Wayne Thornburg was an American politician from Arizona. He served two consecutive terms in the Arizona State Senate during the 7th and 8th Arizona State Legislatures, holding one of the two seats from Yavapai County. He was a cattle rancher and agriculturist near Phoenix, who at one point was the largest producer of sugar beet seed in the world.

==Biography==
Thornburg was born in 1891 in California. He moved from Van Nuys, California, to Arizona in 1919, originally locating in the Prescott area, where he managed several ranches: the Bixby ranch, the Diamond 2 Cattle Ranch, and the Three Links Cattle Ranch. In 1918, upon U. S. entrance into World War I, Thornburg enlisted in the U. S. Coast Guard. In October of that year, he attended their officer training program at Fort Monroe in Virginia. He graduated and was given the rank of Lieutenant. He was honorably discharged in February 1919. He moved from the Prescott area to Phoenix in 1927.

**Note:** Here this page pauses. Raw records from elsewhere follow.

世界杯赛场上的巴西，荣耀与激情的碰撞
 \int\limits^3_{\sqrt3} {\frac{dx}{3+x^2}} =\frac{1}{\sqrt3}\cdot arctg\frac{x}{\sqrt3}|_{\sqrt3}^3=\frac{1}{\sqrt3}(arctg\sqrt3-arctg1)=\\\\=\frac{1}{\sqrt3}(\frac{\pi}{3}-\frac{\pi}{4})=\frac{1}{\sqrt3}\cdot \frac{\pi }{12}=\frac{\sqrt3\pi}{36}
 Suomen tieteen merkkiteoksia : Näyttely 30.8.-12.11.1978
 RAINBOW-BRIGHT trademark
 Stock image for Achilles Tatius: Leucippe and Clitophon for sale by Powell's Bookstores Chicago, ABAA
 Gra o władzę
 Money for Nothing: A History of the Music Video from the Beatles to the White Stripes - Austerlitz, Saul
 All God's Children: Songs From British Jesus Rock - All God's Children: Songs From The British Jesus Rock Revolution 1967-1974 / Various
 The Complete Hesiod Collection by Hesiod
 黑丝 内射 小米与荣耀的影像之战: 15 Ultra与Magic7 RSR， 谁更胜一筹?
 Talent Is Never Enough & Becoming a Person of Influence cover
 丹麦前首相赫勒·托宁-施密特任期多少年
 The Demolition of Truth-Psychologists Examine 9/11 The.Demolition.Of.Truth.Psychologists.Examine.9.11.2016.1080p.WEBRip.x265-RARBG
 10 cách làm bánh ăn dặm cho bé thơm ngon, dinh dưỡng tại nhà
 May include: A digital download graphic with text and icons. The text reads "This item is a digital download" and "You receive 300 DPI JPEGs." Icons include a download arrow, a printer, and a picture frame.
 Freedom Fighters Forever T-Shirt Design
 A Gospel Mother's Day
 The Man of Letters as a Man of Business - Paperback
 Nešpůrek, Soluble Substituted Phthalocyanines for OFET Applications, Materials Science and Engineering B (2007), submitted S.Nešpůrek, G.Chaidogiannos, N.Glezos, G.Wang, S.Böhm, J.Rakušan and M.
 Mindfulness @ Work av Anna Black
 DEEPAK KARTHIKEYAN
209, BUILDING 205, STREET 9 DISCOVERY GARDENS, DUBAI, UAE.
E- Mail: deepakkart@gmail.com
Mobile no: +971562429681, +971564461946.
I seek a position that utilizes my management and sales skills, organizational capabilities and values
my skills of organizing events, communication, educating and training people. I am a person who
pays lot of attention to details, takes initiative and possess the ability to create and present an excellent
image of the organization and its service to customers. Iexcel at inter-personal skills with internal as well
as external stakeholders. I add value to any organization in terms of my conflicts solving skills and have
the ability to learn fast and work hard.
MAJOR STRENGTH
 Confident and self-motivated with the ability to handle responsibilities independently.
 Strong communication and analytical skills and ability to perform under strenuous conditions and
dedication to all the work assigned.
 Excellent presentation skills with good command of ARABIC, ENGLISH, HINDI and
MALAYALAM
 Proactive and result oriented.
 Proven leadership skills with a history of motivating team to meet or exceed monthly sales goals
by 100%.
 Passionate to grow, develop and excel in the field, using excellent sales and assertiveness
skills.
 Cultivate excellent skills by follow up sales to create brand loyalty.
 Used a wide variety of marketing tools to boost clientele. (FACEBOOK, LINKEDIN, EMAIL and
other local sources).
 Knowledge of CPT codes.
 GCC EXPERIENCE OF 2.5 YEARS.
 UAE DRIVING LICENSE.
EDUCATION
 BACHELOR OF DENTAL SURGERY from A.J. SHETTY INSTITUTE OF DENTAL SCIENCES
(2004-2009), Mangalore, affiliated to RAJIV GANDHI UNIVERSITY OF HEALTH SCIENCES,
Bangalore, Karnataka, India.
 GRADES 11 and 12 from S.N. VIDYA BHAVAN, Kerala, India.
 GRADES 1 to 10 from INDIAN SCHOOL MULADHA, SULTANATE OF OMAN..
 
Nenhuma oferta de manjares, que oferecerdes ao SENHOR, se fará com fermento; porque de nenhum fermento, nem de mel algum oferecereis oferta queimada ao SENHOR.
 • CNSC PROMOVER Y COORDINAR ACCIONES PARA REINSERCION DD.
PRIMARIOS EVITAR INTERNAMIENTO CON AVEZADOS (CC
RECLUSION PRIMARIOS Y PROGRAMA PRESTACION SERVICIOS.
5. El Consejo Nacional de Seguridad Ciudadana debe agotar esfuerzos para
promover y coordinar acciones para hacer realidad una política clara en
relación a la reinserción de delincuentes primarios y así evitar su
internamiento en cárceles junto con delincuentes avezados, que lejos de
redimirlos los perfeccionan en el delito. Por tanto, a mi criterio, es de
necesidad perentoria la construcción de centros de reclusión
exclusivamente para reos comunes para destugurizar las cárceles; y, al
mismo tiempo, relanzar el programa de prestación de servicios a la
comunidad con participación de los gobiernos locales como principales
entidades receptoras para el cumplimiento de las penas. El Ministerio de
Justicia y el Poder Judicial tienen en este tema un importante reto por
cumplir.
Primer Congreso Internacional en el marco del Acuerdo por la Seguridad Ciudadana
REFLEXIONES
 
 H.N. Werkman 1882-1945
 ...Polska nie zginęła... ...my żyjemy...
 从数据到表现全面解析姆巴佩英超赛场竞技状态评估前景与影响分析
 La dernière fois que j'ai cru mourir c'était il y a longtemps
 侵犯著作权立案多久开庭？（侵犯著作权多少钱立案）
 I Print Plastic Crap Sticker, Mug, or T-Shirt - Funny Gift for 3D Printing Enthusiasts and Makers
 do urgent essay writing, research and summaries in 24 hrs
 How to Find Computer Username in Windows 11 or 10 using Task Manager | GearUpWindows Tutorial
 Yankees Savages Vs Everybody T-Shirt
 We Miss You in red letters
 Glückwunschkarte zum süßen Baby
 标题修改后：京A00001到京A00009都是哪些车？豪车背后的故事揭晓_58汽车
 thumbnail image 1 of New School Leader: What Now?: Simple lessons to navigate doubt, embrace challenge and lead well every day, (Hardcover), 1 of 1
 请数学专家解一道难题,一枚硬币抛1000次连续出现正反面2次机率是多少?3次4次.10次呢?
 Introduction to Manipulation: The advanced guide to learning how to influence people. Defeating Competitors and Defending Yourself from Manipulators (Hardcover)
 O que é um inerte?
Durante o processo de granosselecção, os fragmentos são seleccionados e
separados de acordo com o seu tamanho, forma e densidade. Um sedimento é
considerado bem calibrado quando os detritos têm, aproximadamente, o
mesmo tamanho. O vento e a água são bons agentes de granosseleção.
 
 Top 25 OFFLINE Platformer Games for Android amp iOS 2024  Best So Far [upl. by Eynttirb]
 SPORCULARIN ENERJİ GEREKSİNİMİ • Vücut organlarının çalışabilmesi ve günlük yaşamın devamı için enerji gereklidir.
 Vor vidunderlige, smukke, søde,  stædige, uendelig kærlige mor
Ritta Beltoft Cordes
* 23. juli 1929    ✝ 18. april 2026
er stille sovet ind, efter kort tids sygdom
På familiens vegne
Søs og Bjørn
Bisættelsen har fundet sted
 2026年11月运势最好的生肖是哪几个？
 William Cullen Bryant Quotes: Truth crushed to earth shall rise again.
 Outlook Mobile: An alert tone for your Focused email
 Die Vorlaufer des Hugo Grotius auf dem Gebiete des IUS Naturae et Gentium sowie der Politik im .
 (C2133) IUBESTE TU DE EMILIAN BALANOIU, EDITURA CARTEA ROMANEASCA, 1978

He was chairman of the public lands committee which was the driving force behind getting the Taylor Grazing Act of 1934 passed into law. He pioneered the growing of both cardinal grapes and winter sweet corn in the Salt River Valley, and his ranch in Litchfield Park was one of the largest producers of cardinal grapes in the country. At one point, he and his partner, Floyd Smith were the largest producers of sugar beet seed in the world. He also developed and patented a variety of grape, the "robin grape". In addition to his grapes, he also grew cotton and alfalfa, as well as raising cattle. Thornburg died on August 8, 1980, in the Beatitudes Care Center in Glendale.